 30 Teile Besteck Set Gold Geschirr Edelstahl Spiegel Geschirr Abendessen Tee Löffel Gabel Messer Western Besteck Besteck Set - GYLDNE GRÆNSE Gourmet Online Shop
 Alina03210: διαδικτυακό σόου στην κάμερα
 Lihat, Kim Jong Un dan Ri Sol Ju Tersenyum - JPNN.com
...
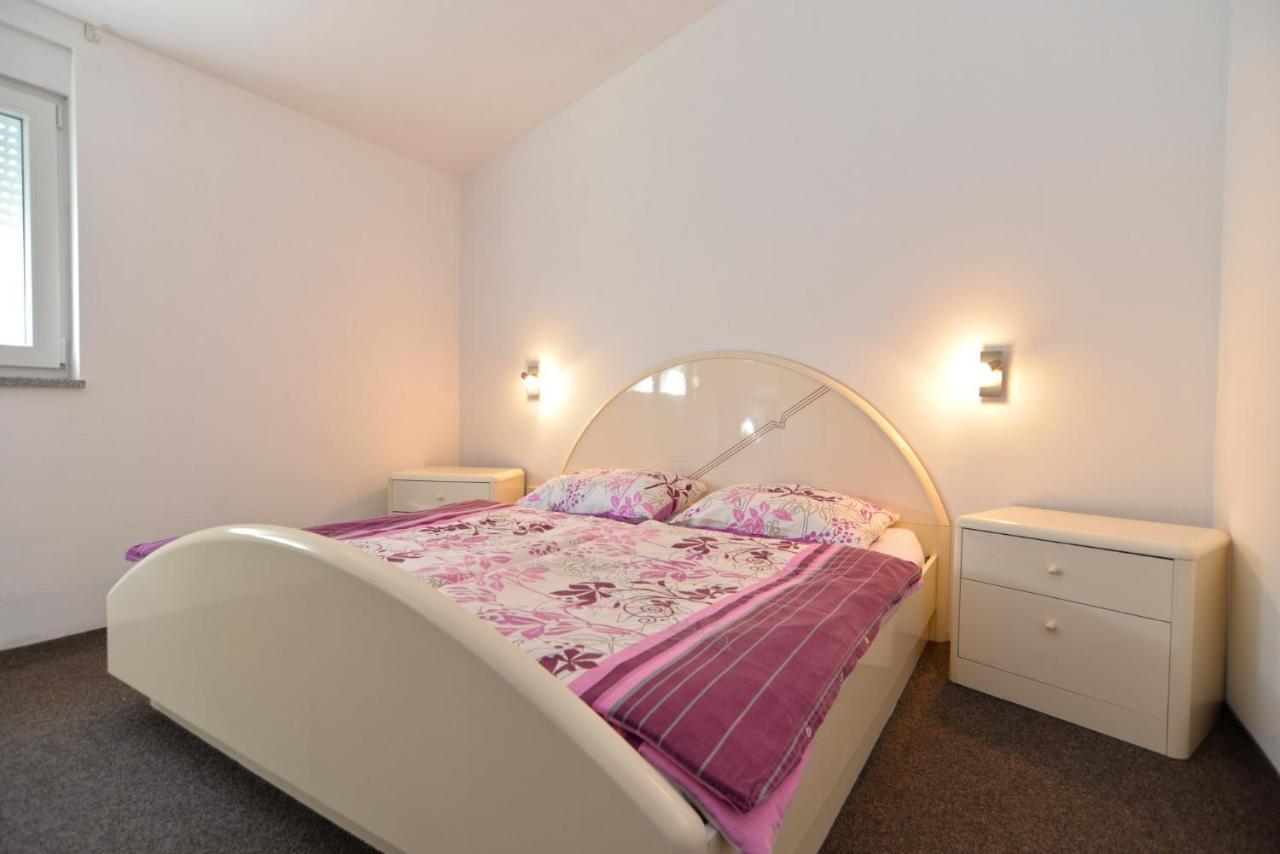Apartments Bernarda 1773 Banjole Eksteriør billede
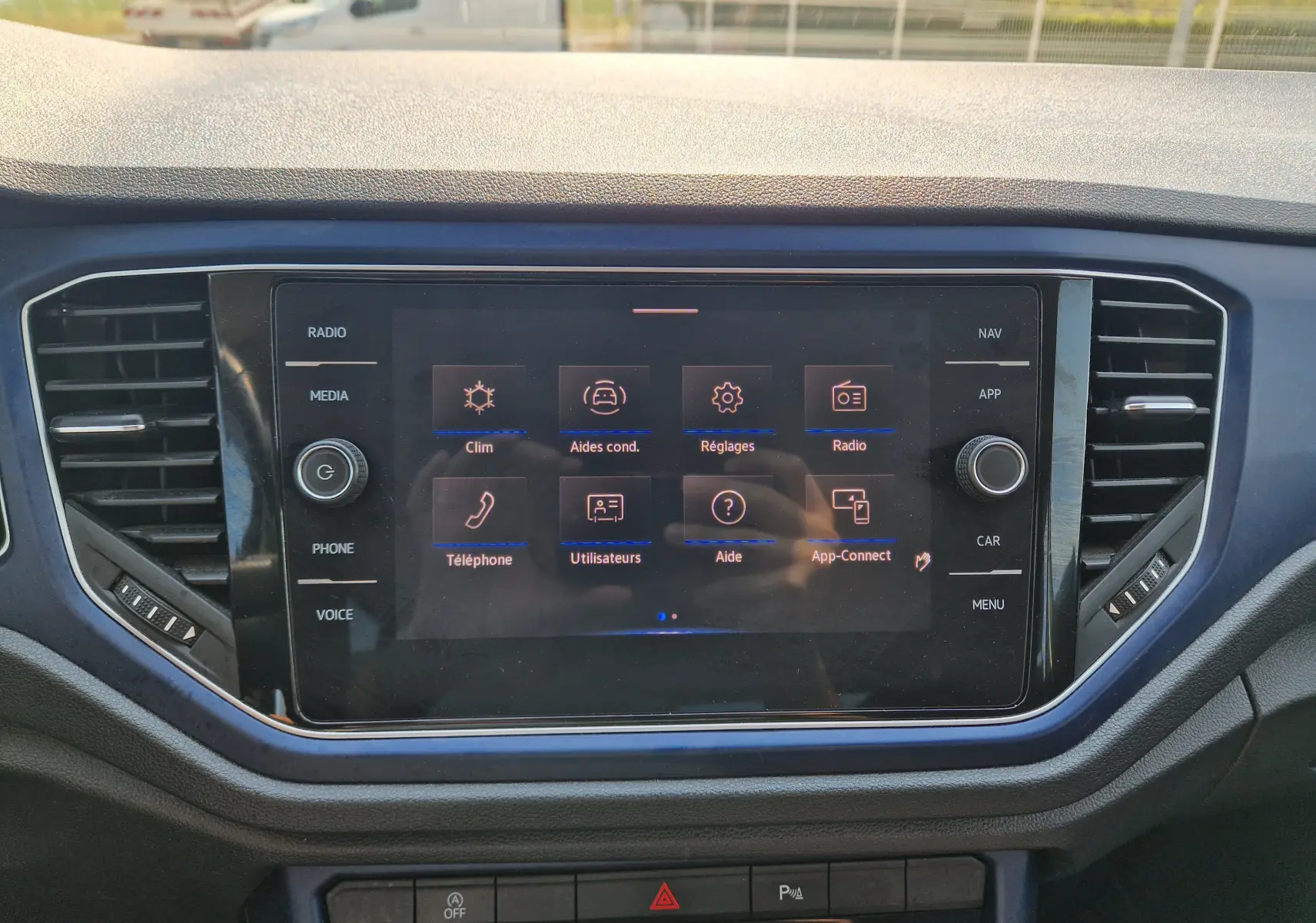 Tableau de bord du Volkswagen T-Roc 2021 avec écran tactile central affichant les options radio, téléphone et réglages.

### What you need to do
Keeping every character as it is, restate the lines above that run from the line with "30 Teile Besteck" through the line with "Lihat, Kim Jong", both included, and nothing else.

### Written response
 30 Teile Besteck Set Gold Geschirr Edelstahl Spiegel Geschirr Abendessen Tee Löffel Gabel Messer Western Besteck Besteck Set - GYLDNE GRÆNSE Gourmet Online Shop
 Alina03210: διαδικτυακό σόου στην κάμερα
 Lihat, Kim Jong Un dan Ri Sol Ju Tersenyum - JPNN.com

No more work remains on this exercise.